At a conference, a friend was asked if the things she is busy with bring her joy.
This has stuck with me since she passed it along, because I am chronically busy. I often respond to the ubiquitous question, “How are you?” with, “Busy, but good.”
Back in July 2021, I wrote a commentary about how busyness is not necessarily bad. On the flip-side, since then, I’ve written one (maybe more than one) about the importance of rest.
My mom always says the hardest thing in life is balance. Some other people talk about harmony between the various aspects of our lives. I find both metaphors useful when I’m deciding if I should do something or say no.
At the risk of repeating myself, I’m going to delve a bit deeper into busyness that brings me joy. Merriam-Webster Dictionary defines joy as, “(noun) the emotion evoked by well-being, success, or good fortune or the prospect of possessing what one desires, a state of happiness or felicity, a source or cause of delight, (verb) to experience great pleasure or delight.”
Joy is also often connected with peace and contentment.
To be clear, the type of busyness that brings joy can still be frustrating. One form of busyness that brings me both is writing. For me, writing is the best and the worst thing. It helps me collect my thoughts, it inspires me, it makes me giddy.
However, it is also the hardest job I have ever had. There are times when I want to throw my computer out the window, which at The Slave Lake Lakeside Leader office would mean throwing it through two walls. It is infuriating, at times torturous, but also extremely fun.
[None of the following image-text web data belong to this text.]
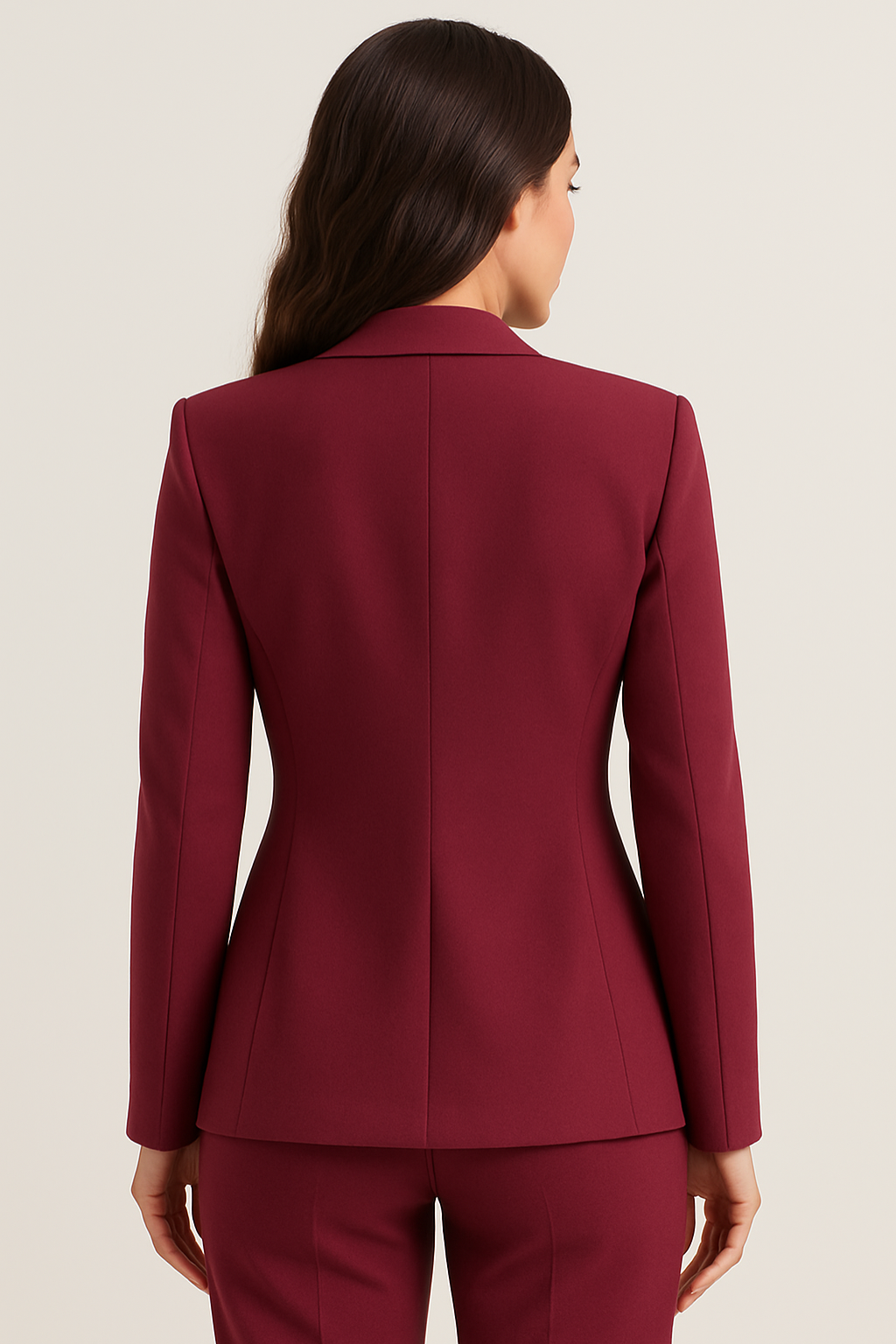 Frieda | Women’s Tailored Single Button Blazer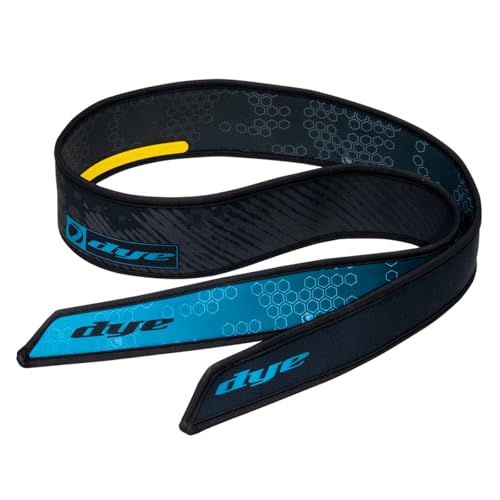 Dye Paintball Head Tie DyexHalo, Headband, Concept black/cyan Dye Paintball Head Tie DyexHalo, Headband, Concept black/cyan von Dye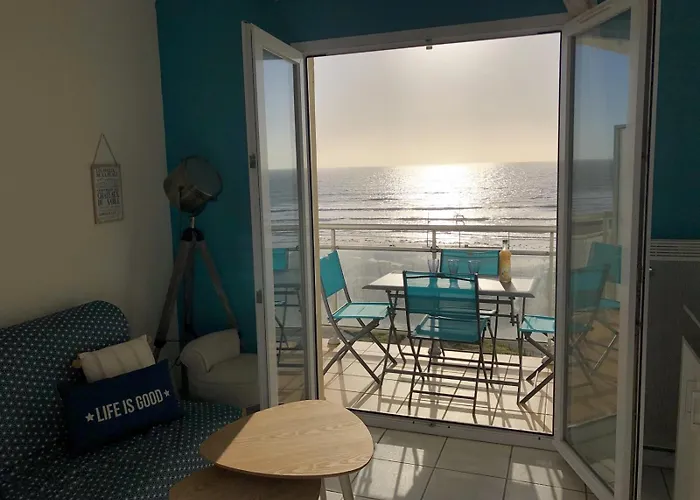 Sh240-093 - 2 Pieces 4 Couchages Hilaire De Riez Appartement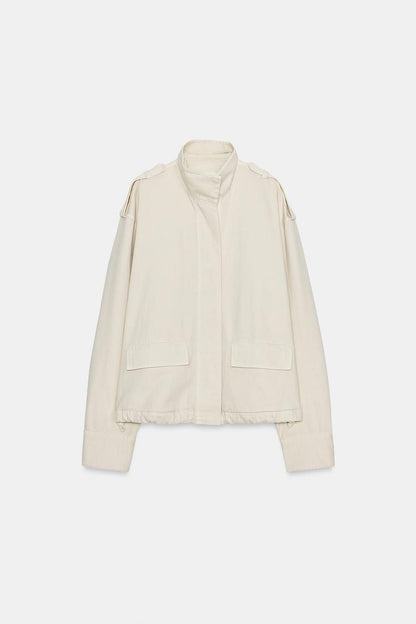 HIGH NECK JACKET
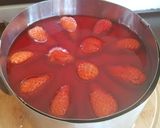 Epres-pudingos minitorta recept fázis 9 fotója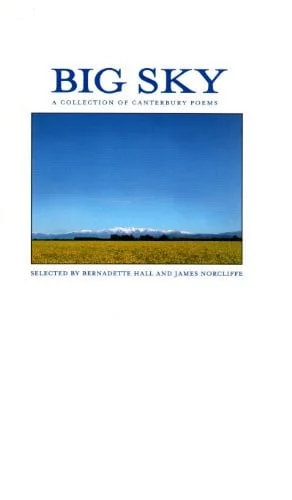 Cover of Big sky: a collection of Canterbury poems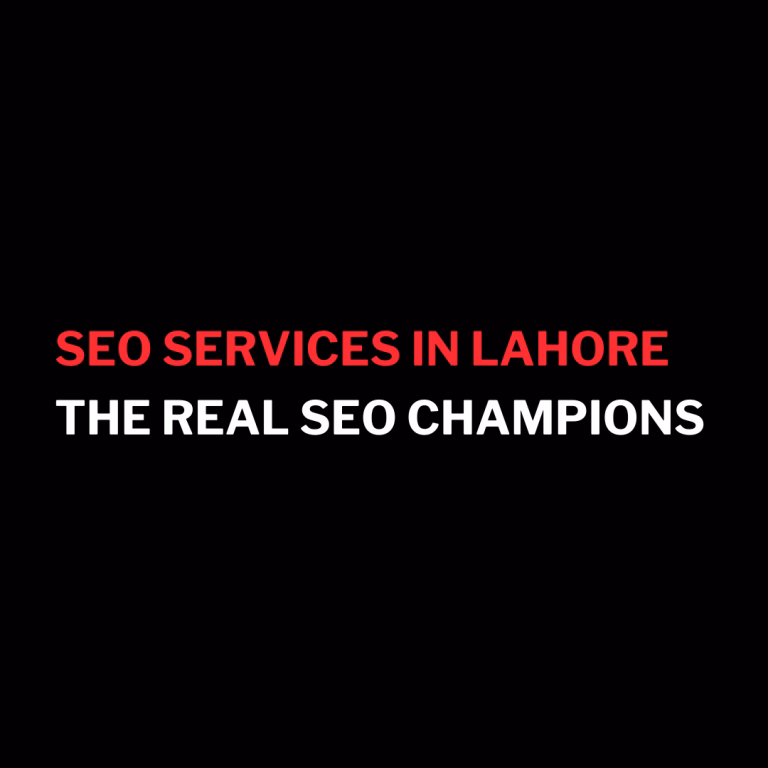 SEO Services in Lahore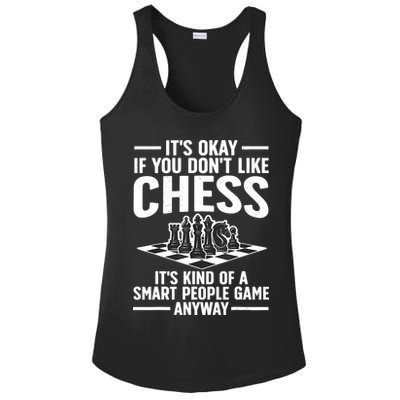Cool Chess Players Art For Men Chess Lover Novelty Ladies PosiCharge Competitor Racerback Tank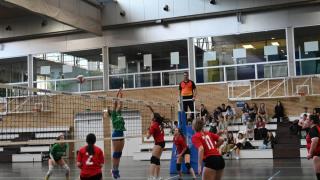 Final Voleibol Veterinaria-Derecho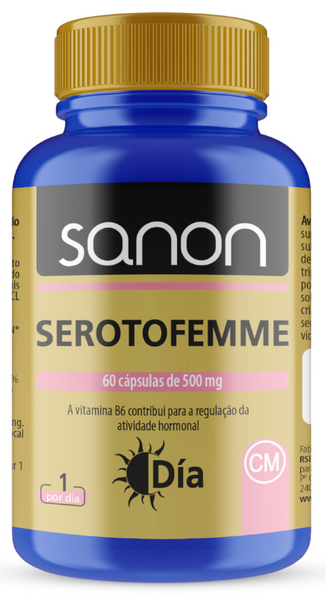 Sanon Serotofemme Día 60 Cápsulas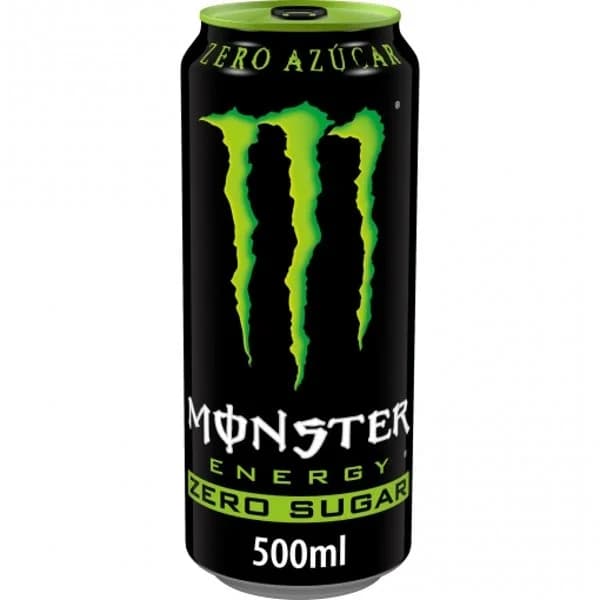 Monster Energy Green Zero Bebida Energética sin azúcar lata 500 ml. - 0.5 l - Imagen del producto en Findit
Writing brings out every emotion, but mostly it brings me joy, peace, and a sense of accomplishment.
Volunteering is another type of busyness that brings me joy. I am likely a little too heavily involved with community organizations, but each one has aspects that bring me joy. I really enjoy being around other people who volunteer.
Also, the focus of the groups I’m involved with align with my passions. Therefore, this involvement brings me joy.
When I’m done writing or volunteering, I am exhausted, but excited. I’m an introvert, so most of my energy comes from being alone.
In a different way, busyness gives me energy. In the moment of talking to people on a deep level or figuring out the best way to get a project off the ground, I am energized, joyful, and passionate. However, I usually crash and burn afterward. This is why I find it so important to schedule some rest, alone time, and contemplation.
Over the years, I have sought to decrease the amount of things I do that do not bring me joy. There are things, such as laundry and cleaning, which I still have to do, but for the most part, I fill my time with things which I think are worthwhile.
The things that I find fascinating aren’t everyone’s cup of tea, but they work for me. I encourage everyone to think about the activities which fill your day. Do they bring you joy? If so, do you want to do more of that? If not, are they essential?
The rampant pursuit of joy at the cost of all else is not a good idea. However. We have only a limited amount of time, so why not fill it with things we enjoy?